- Opening Delimiter -

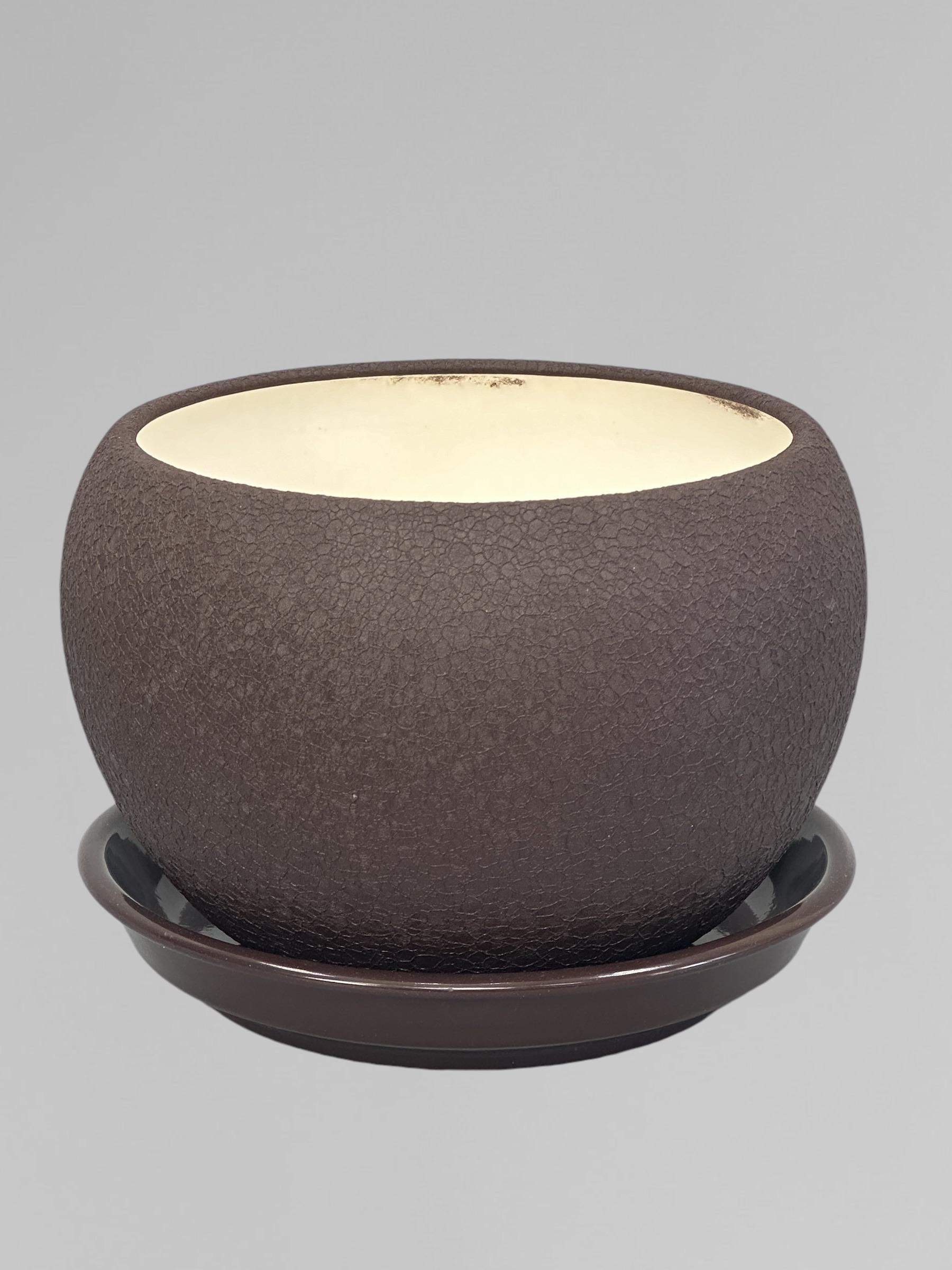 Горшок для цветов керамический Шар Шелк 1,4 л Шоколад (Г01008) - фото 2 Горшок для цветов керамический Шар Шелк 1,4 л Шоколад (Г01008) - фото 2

- Closing Delimiter -
- Opening Delimiter -

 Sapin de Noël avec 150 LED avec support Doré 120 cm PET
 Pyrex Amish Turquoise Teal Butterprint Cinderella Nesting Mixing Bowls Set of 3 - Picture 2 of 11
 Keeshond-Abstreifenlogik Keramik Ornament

- Closing Delimiter -

Exercise: Starting at the line that contains "Sapin de Noël" and stopping after the line that contains "Keeshond-Abstreifenlogik Keramik Ornament", write out every line exactly as it appears above, and no other line.

Written solution:
 Sapin de Noël avec 150 LED avec support Doré 120 cm PET
 Pyrex Amish Turquoise Teal Butterprint Cinderella Nesting Mixing Bowls Set of 3 - Picture 2 of 11
 Keeshond-Abstreifenlogik Keramik Ornament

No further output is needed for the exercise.